- WORK TO BE COMPLETED
Produce an exact copy of the first line of the data below and each line after it, please, up to and including the one with "NETGEAR DGFV338 manual".

- DATA FOR PROCESSING
== Segment start ==
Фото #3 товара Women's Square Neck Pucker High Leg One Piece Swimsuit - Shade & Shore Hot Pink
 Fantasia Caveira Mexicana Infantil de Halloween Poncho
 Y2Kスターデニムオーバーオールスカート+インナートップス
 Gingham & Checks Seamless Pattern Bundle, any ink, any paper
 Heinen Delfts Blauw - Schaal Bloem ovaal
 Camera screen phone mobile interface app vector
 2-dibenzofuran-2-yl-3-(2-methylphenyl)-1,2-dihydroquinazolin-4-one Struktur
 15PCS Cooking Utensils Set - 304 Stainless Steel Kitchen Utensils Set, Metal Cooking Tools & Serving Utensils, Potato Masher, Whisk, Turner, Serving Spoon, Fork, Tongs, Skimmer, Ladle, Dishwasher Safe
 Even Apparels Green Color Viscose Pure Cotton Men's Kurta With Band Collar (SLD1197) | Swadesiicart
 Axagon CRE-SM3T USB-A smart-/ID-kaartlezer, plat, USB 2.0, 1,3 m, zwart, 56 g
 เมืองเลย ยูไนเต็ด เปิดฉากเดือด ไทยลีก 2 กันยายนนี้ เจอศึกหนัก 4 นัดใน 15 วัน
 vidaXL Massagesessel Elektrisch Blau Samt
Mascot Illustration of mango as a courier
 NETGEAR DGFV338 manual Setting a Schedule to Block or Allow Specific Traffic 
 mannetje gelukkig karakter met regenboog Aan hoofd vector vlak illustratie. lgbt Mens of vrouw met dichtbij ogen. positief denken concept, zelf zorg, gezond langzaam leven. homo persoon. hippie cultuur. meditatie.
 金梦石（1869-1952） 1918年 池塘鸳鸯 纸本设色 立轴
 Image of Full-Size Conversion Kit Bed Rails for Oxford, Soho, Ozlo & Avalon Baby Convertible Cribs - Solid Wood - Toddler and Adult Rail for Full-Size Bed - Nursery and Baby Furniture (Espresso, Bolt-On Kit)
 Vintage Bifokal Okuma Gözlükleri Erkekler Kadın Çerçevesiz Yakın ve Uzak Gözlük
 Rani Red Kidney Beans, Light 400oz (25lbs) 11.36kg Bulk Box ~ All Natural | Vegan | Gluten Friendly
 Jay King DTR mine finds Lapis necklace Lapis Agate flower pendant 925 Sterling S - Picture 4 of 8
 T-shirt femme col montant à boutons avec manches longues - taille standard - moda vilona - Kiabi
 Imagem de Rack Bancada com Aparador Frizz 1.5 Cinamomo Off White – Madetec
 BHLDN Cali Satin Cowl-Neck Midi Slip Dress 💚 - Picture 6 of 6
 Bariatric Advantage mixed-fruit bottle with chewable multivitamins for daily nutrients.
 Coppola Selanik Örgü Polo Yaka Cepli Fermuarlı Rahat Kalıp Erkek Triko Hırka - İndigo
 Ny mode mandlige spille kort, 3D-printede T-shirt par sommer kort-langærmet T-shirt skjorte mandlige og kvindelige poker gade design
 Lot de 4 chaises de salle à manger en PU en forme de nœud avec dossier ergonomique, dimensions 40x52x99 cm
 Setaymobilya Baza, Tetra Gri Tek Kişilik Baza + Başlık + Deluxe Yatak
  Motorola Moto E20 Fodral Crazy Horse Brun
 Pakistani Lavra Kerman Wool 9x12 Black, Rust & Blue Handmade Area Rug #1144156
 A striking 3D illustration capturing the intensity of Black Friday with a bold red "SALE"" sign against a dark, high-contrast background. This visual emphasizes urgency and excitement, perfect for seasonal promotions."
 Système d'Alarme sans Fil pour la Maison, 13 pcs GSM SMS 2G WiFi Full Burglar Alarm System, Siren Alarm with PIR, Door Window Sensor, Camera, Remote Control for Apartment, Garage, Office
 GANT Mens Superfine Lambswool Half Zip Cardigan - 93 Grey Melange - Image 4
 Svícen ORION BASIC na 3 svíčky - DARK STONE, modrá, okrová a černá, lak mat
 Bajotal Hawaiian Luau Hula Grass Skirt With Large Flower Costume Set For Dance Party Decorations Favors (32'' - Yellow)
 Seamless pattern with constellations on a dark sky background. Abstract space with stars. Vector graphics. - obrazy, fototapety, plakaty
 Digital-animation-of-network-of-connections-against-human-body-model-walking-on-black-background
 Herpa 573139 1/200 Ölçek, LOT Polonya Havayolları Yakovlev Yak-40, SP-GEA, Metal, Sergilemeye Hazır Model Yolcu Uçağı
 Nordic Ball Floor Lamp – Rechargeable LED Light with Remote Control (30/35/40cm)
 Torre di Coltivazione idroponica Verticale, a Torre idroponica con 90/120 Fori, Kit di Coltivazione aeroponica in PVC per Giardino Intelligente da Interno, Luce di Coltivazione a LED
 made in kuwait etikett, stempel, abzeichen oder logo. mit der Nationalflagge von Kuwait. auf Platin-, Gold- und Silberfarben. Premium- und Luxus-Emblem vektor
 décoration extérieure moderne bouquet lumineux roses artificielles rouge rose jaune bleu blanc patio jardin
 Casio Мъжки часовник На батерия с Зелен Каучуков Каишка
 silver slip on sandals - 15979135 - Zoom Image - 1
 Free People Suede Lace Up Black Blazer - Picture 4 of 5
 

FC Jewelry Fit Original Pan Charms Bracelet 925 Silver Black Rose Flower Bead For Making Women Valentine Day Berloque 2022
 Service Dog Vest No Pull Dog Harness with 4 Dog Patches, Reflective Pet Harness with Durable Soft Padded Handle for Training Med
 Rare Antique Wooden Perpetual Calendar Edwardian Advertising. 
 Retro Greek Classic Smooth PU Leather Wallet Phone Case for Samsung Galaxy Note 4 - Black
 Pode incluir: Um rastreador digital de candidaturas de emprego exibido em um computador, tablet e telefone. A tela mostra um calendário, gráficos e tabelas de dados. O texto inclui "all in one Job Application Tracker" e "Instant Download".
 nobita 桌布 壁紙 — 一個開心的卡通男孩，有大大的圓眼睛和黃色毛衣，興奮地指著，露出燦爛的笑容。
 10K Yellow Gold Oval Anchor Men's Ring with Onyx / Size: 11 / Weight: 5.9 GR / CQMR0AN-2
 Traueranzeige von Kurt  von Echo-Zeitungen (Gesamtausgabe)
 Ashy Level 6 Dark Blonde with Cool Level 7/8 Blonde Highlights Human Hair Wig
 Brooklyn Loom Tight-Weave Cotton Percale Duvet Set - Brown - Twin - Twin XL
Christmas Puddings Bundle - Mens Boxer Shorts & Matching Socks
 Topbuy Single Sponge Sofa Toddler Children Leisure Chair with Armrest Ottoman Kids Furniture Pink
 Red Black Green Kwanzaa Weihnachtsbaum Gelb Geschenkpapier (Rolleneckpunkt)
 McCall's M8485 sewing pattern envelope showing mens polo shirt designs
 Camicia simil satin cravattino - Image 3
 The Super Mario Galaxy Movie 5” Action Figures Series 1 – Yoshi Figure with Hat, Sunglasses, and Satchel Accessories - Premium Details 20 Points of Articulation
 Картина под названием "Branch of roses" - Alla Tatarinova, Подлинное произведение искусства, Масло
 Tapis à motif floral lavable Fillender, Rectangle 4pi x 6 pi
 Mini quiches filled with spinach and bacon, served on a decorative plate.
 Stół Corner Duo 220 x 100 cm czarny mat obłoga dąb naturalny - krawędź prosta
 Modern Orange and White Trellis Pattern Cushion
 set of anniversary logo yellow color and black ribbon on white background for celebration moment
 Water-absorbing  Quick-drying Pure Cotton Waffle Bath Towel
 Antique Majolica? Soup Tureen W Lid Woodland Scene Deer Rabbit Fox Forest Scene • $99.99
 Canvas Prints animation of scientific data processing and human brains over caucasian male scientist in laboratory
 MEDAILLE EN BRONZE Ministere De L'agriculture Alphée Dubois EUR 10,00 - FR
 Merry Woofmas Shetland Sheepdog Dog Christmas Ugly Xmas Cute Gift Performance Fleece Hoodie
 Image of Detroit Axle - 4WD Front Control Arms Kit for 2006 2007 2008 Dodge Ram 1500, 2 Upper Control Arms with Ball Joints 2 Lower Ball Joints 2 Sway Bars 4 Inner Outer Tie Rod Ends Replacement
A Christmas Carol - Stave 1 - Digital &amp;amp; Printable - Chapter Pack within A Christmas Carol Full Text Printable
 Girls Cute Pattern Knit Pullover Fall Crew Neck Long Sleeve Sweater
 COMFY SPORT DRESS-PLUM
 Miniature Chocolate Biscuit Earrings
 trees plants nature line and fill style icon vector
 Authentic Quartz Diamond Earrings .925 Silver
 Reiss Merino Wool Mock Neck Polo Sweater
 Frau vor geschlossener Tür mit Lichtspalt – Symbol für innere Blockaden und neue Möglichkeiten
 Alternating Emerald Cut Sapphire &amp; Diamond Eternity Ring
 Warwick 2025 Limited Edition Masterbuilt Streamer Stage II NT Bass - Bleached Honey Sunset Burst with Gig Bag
== Segment end ==
- ANSWER AREA
Фото #3 товара Women's Square Neck Pucker High Leg One Piece Swimsuit - Shade & Shore Hot Pink
 Fantasia Caveira Mexicana Infantil de Halloween Poncho
 Y2Kスターデニムオーバーオールスカート+インナートップス
 Gingham & Checks Seamless Pattern Bundle, any ink, any paper
 Heinen Delfts Blauw - Schaal Bloem ovaal
 Camera screen phone mobile interface app vector
 2-dibenzofuran-2-yl-3-(2-methylphenyl)-1,2-dihydroquinazolin-4-one Struktur
 15PCS Cooking Utensils Set - 304 Stainless Steel Kitchen Utensils Set, Metal Cooking Tools & Serving Utensils, Potato Masher, Whisk, Turner, Serving Spoon, Fork, Tongs, Skimmer, Ladle, Dishwasher Safe
 Even Apparels Green Color Viscose Pure Cotton Men's Kurta With Band Collar (SLD1197) | Swadesiicart
 Axagon CRE-SM3T USB-A smart-/ID-kaartlezer, plat, USB 2.0, 1,3 m, zwart, 56 g
 เมืองเลย ยูไนเต็ด เปิดฉากเดือด ไทยลีก 2 กันยายนนี้ เจอศึกหนัก 4 นัดใน 15 วัน
 vidaXL Massagesessel Elektrisch Blau Samt
Mascot Illustration of mango as a courier
 NETGEAR DGFV338 manual Setting a Schedule to Block or Allow Specific Traffic 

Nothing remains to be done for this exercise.